1. Toggle people’s brains. You do that with your questions. With your odd, unexpected juxtapositions of words. With your sentences and phrases that are so ‘out there’ that they take people with them. As Ned Flanders once said, ‘Well sir, as far as melon ballers go, that’s a noodle scratcher!’ Hopefully, your readers are thinking that same idea. That you’ve rocked their worlds. Turned their brains upside down. Stretched their minds like a bar of Laffy Taffy, never quite returning to their original size. It’s part of the job description. How are you toggling people?
2. Watch yourself write. Because you weren’t looking for the formula of how you writing the first time, you need to go back and figure out what you did. What your thought processes, questions and assumptions were. That way you can perfect your process it and repeat it. So, regularly back away from your creative journey and revisit the progression of your ideas. Here’s how: (1) TRACK the experiences or moments that inspired your original idea, (2) THINK about the questions you asked yourself, didn’t ask yourself or should have asked yourself during the writing process, (3) NOTE each moment of resistance, how it made you feel and what steps you took to overcome it, (4) REVISIT tangible records of the progression of your idea. Lay them all out in front of you and then travel back in time. See what comes up the second time. Perhaps a few new patterns will emerge. This process will teach you invaluable lessons about how you think, create and write. Are you stepping back from what you do to study what you do?
3. Write because you can’t (not) write. Not because of the money. Not because of the fame. Not because chicks dig writers. And not because you want to ‘have written.’ Write because you have something that needs to be said. Write because there is some lie you want to expose. Write because there is something you’ve gone through that people need to hear about and learn from. What must you write about or you shall die?
4. Write things that make no sense, then improve them. Remember: There will be more. Who cares if your first draft is completely wonky? What matters is that you write that ‘one true thing’ down the moment it comes up. What matters is that you honor whatever surfaces. And what matters is that you trust your inner resources, having faith that the idea will make sense when you’re ready to learn it. Are you willing to write gibberish now for jackpots later?
5. Write what you know about, run into, have a passion for and obsess over. Do this, and I promise you two things: (1) You will never run out of material, (2) Writing will be easy. Otherwise your work is going to be boring to write and laborious to read. Zoinks! What percentage of your writing is infused with your passion?

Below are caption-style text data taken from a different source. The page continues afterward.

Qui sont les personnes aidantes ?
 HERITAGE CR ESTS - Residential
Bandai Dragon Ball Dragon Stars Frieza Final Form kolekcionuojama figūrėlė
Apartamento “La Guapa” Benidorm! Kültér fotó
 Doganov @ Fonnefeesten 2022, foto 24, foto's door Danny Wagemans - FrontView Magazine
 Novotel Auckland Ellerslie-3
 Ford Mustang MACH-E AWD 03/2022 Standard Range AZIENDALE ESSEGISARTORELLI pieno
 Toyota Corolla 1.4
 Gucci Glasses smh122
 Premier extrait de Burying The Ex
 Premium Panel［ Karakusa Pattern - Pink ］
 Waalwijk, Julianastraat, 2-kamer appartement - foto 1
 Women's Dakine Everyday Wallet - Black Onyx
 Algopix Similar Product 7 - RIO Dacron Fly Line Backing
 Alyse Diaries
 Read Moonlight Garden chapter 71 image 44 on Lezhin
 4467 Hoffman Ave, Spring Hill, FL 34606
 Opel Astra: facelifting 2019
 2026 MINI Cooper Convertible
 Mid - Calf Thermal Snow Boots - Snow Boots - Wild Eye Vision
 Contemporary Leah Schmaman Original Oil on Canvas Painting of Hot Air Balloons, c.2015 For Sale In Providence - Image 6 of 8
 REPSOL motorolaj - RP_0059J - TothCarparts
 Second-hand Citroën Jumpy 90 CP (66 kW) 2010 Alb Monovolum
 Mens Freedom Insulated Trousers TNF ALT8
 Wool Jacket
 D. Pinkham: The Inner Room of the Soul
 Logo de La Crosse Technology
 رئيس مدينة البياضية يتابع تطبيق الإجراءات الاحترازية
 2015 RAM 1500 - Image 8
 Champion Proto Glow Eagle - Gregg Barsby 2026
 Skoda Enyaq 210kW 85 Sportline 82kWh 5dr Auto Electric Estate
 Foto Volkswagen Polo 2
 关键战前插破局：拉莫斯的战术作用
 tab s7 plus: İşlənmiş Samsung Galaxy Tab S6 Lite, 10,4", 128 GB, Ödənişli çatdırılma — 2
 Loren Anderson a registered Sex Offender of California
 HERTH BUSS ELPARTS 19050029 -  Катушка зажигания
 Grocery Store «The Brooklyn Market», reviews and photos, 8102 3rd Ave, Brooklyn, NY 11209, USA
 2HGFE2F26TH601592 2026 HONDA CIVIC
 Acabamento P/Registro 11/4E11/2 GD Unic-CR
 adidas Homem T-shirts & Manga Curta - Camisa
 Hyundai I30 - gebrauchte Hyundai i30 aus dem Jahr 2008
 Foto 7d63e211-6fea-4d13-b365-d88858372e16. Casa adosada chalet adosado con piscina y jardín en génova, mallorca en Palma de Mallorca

6. Writer’s Block is a lie. Doesn’t exist. It’s nothing by comfy little excuse touted by undisciplined, mediocre writers who sit around waiting for inspiration to strike. Here’s the reality: Writing is an extension of thinking. So, next time you experience ‘Writer’s Block,’ recognize that what you’re really experiencing is ‘Thinker’s Block.’ Lesson learned: If you want to write more, think more. If you want to write better, think better. People who bitch about Writer’s Block are either: (1) lazy, (2) boring, (3) stupid, or (4) terrible listeners. Remember: Creativity is nothing but active listening. If you can’t find anything to write about, you’re not a writer. Period. What did you write today?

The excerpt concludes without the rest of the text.